Histogram merging limitations

Dear all,

using proof with many histograms per job (order of 10K) i noticed that,
with a number of workers of about 100, the merging of histograms
uses too much memory and the process at some point fails.

I’m wondering why. I mean, the final ROOT file with those 10K histograms
is not that big (few MB) and i don’t think the compression factor is order of 1000
when loading in memory all the histograms contained in the file, so why when merging them
the master uses so much memory ?

Is it keeping in memory all the histograms that are to be added instead of deleting each
one after having added it ?

Many thanks in advance!

best,
Max

Hi,

Could you specify your ROOT version?
The handling of histogram merging was changed (and improved) in starting from 5-30-01 and 5-28-00f .

G. Ganis

Hi,

I’m using 5.30.01 (64bit).

best,
Max

Can you measure what is the size used in memory by your histograms?
You can compare the result of TSystem::GetProcInfo for a bare new ROOT session and after having loaded all your histograms.
This way we can estimate the memory consumption on PROOF and compare with what you observe.

G. Ganis

Do you know an easy way to load all histograms in memory reading from a file?

Max.

There is no direct call.
Please run the attached macro on your file: you should get something like

root [0] .L loadFileContent.C+
Info in <TUnixSystem::ACLiC>: creating shared library /home/ganis/local/root/trunk/trunk/./loadFileContent_C.so
root [1] TFile *f =  loadFileContent("SimpleFile.root")
Footprint of file content (32 objects loaded): 6532 kB (res), 11276 KB (virt)
root [2]

G. Ganis
loadFileContent.C (1.24 KB)

To read in memory all objects from a TFile *f, do f->ReadAll();

Rene

Dear all,

thanks for postings the macro, i tried it on an merged file with all the histograms i’m making.
The output is:

Footprint of file content (26152 objects loaded): 219708 kB (res), 219036 KB (virt)
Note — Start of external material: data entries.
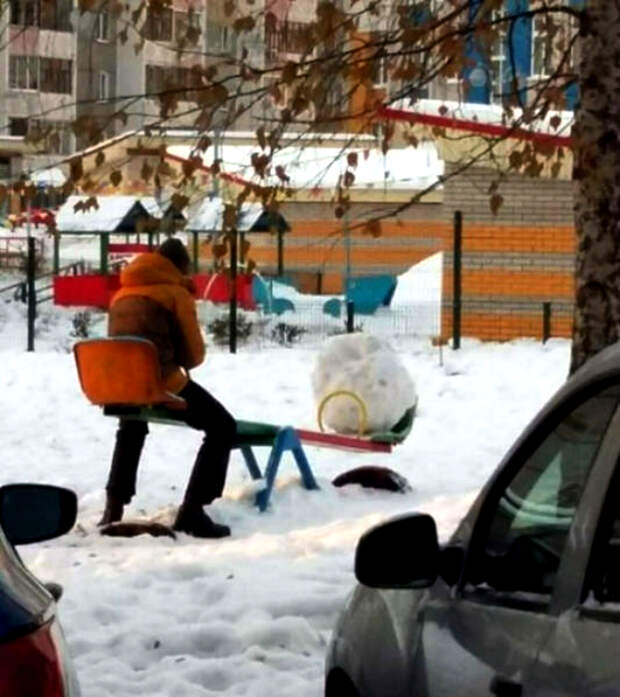 Я и мой снежный ком катаемся на качели. | Фото: Триникси. Я и мой снежный ком катаемся на качели. | Фото: Триникси.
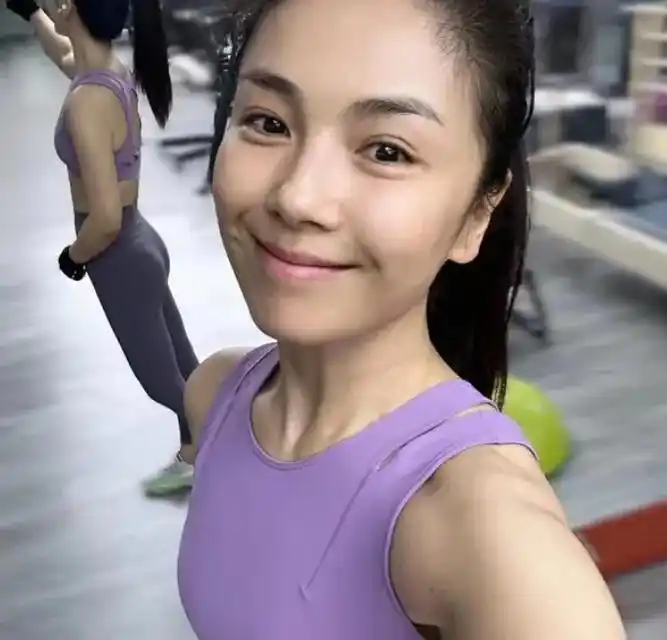 45岁刘涛首次晒素颜照,四肢纤细肤色黑,对镜自拍被指大头娃娃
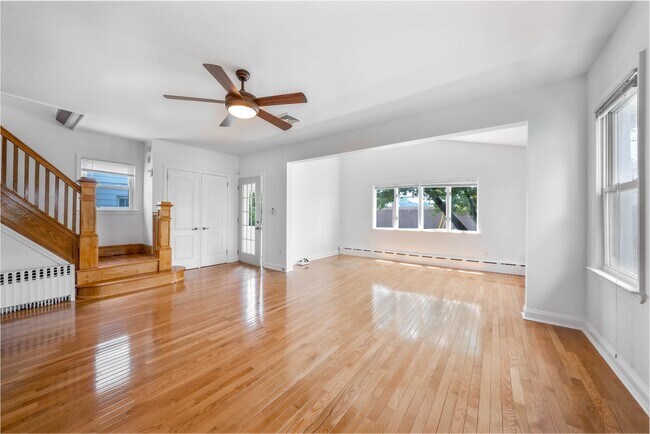 Building Photo - 85 Barrows Ave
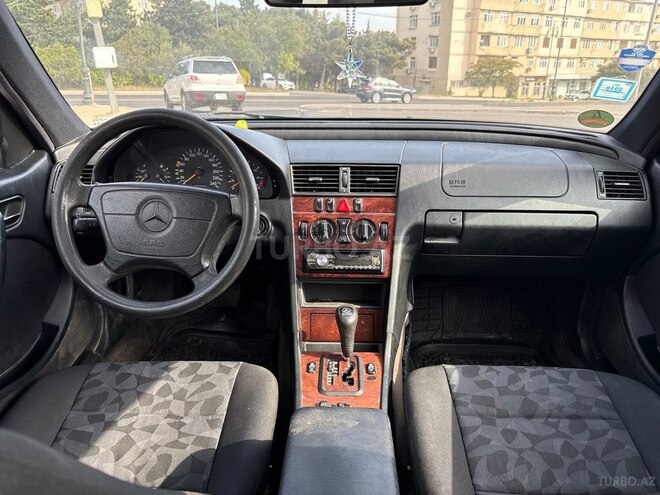 Mercedes C 180 1999, 234,000 km - 1.8 l - Bakı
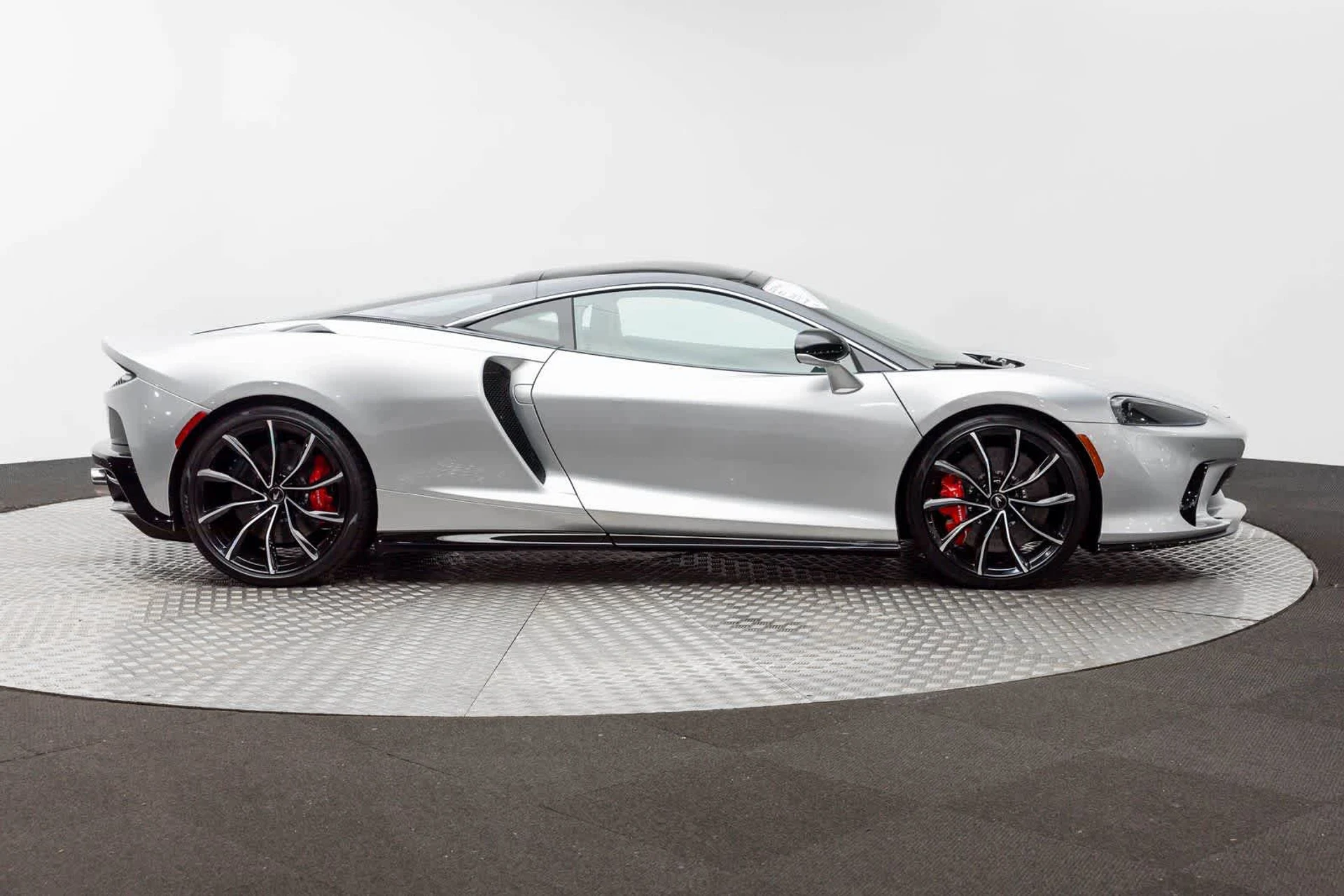 mph045_3905754013_46_5d0b4b36a0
As you can see the memory occupation is not that big but when the proof sever job is merging files
the memory usage grows a lot, here is a top-output during one of the merging:

PID USER PR NI VIRT RES SHR S %CPU %MEM TIME+ COMMAND

30048 mbellomo 39 19 2994m 717m 24m R 95.4 1.8 8:28.38 proofserv.exe

And sometimes, i get errors like this one:

HandleSocketInput: unknown command 1011! Protocol error?ding) ====>| 100.00 % [44596.1 evts/s, 277.4 MB/s]
HandleSocketInput: unknown command 1011! Protocol error?ding) ====>| 100.00 % [44282.3 evts/s, 275.5 MB/s]
HandleSocketInput: unknown command 1011! Protocol error?ding) ====>| 100.00 % [43978.8 evts/s, 273.6 MB/s]
HandleSocketInput: unknown command 1011! Protocol error?ding) ====>| 100.00 % [43595.0 evts/s, 271.2 MB/s]
[TProof:] Total 24720966 events |====================| 100.00 % [43585.5 evts/s, 271.2 MB/s]
HandleSocketInput: unknown command 1011! Protocol error?ding)
HandleSocketInput: unknown command 1011! Protocol error?ding)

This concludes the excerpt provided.